Reading time: 12 minutes
The main purpose of this project is to demonstrate my experimentation and analytical skills in R and SQL using a dataset that I collected from a maize experiment during my university program from the University of Queensland in 2015. This personal project improves and reforges the original project with more data cleaning, data manipulation, better visualisations, and statistical tests.
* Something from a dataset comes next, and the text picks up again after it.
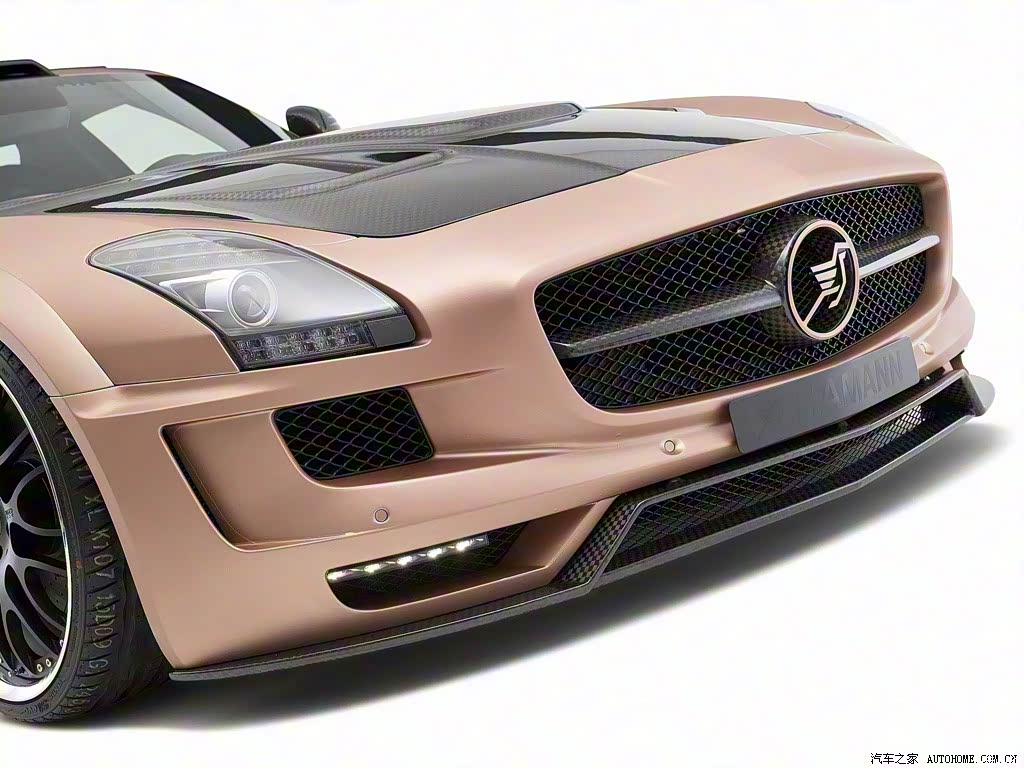 奔驰sls级amg 2010款 e-cell concept 1024365图片_奔驰_汽车图库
The maize study had a CRD system (completely randomised design) and was carried out in the glasshouse of the university. There were 6 treatments, and 9 replicates for each treatment. Each treatment has soil nutrient content different from each other. Plant weight was the responding variable. All maize crops were harvested, oven dried, and weighted during 3 harvest periods. 2 visualisations were synthesised to observe overall trend, Q-Q plot and Shapiro-Wilk test were used to test for residual normality, Levene’s test was applied to test for group variances, Kruskal-wallis and Dunn’s test were selected as the omnibus and post-hoc test.
Result reveals that nitrogen and phosphorus are the most limiting nutrients among the treatments in the experiment. Maize plants in soils that do not have nitrogen and phosphorus had the significantly lower growth compared to other treatments. Removing potassium and sulphur affects plant growth as well but the growth was still significantly higher than nitrogen and phosphorus limited soil. However, the growth of plants in soil that has potassium and sulphur removed was still significantly lower than the soils that have the balanced nutrient.
Highlights
R packages loaded in this project include tidyverse packages (ggplot2, dplyr, tidyr, readr, purrr, tibble, stringr, and forcats), skimr, kabbleExtra, ggrepel, qqplotr, DescTools, and dunn.test.
library(tidyverse)
library(skimr)
library(kableExtra)
library(ggrepel)
library(qqplotr)
library(DescTools)
library(dunn.test)
Plants require a variety of nutrients for healthy growth and yield. The goal of this project is to investigate which of the 6 plant-essential soil nutrients affects plant growth the most. This experiment was actually mine, and has already been carried out in a glasshouse in the University of Queensland (UQ) Gatton campus in 2015, I am revisiting it and reforging it with relevant skills in R, SQL, and statistical analysis.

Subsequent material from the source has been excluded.